Data excerpts
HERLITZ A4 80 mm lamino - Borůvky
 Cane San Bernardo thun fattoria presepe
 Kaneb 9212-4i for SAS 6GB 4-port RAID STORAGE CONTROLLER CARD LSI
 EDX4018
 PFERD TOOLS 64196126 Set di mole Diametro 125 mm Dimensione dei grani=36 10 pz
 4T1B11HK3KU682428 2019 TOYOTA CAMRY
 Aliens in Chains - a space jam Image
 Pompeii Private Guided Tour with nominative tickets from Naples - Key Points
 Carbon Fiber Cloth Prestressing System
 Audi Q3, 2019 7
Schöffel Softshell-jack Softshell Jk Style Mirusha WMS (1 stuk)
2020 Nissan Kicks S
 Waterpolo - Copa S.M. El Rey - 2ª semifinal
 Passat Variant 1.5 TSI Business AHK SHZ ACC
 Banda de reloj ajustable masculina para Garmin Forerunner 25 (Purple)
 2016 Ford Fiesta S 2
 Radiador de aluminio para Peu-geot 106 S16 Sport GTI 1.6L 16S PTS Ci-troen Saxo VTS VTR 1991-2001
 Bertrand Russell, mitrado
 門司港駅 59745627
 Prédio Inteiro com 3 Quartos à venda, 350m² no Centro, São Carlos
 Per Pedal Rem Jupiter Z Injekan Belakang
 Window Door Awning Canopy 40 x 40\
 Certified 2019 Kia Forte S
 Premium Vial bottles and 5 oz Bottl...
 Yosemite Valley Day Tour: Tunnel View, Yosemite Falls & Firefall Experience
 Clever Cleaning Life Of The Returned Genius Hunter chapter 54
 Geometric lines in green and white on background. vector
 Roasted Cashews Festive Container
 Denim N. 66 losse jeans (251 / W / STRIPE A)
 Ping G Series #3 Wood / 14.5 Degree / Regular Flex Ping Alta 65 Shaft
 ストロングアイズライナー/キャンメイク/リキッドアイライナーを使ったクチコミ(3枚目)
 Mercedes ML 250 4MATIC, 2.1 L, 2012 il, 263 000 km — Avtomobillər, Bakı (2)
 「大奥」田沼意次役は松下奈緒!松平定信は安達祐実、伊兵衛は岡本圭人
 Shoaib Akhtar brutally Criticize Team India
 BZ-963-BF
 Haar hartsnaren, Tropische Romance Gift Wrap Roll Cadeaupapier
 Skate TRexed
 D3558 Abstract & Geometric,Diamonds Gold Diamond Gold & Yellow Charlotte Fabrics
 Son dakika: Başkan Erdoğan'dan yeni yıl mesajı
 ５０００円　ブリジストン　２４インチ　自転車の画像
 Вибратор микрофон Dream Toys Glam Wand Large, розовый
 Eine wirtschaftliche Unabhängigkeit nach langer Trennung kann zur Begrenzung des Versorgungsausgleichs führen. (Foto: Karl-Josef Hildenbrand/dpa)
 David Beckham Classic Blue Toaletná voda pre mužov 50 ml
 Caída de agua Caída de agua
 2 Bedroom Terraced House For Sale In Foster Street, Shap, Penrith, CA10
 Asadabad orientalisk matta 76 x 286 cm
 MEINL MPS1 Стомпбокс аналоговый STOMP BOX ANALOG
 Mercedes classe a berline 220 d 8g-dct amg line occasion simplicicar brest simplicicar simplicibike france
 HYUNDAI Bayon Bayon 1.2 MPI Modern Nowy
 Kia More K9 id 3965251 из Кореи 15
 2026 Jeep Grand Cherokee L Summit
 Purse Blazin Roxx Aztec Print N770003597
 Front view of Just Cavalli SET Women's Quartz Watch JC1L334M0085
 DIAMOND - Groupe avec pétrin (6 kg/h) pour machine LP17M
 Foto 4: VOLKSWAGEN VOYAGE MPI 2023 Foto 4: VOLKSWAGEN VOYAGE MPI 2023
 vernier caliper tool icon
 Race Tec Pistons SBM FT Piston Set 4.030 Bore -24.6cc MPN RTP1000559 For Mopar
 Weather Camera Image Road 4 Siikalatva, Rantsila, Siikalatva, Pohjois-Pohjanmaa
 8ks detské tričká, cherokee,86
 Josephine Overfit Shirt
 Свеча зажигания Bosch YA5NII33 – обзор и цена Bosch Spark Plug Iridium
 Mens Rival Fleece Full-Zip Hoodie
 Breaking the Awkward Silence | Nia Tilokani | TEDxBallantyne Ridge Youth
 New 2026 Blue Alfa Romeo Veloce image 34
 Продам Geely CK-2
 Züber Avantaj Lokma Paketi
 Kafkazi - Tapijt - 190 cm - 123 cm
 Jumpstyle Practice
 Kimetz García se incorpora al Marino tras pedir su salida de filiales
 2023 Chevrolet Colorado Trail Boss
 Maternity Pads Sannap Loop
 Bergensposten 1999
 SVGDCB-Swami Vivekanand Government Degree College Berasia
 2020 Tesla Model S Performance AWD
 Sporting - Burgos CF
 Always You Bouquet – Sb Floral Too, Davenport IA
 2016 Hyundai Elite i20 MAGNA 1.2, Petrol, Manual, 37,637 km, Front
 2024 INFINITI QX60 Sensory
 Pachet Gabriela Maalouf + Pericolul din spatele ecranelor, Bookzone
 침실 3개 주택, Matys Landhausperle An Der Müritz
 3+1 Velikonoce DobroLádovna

--- Work task ---
In the data above, find the line that contains "Yosemite Valley Day" and the line that contains "Skate TRexed". Repeat exactly those lines and every line between them, and only those.

--- Exercise result ---
 Yosemite Valley Day Tour: Tunnel View, Yosemite Falls & Firefall Experience
 Clever Cleaning Life Of The Returned Genius Hunter chapter 54
 Geometric lines in green and white on background. vector
 Roasted Cashews Festive Container
 Denim N. 66 losse jeans (251 / W / STRIPE A)
 Ping G Series #3 Wood / 14.5 Degree / Regular Flex Ping Alta 65 Shaft
 ストロングアイズライナー/キャンメイク/リキッドアイライナーを使ったクチコミ(3枚目)
 Mercedes ML 250 4MATIC, 2.1 L, 2012 il, 263 000 km — Avtomobillər, Bakı (2)
 「大奥」田沼意次役は松下奈緒!松平定信は安達祐実、伊兵衛は岡本圭人
 Shoaib Akhtar brutally Criticize Team India
 BZ-963-BF
 Haar hartsnaren, Tropische Romance Gift Wrap Roll Cadeaupapier
 Skate TRexed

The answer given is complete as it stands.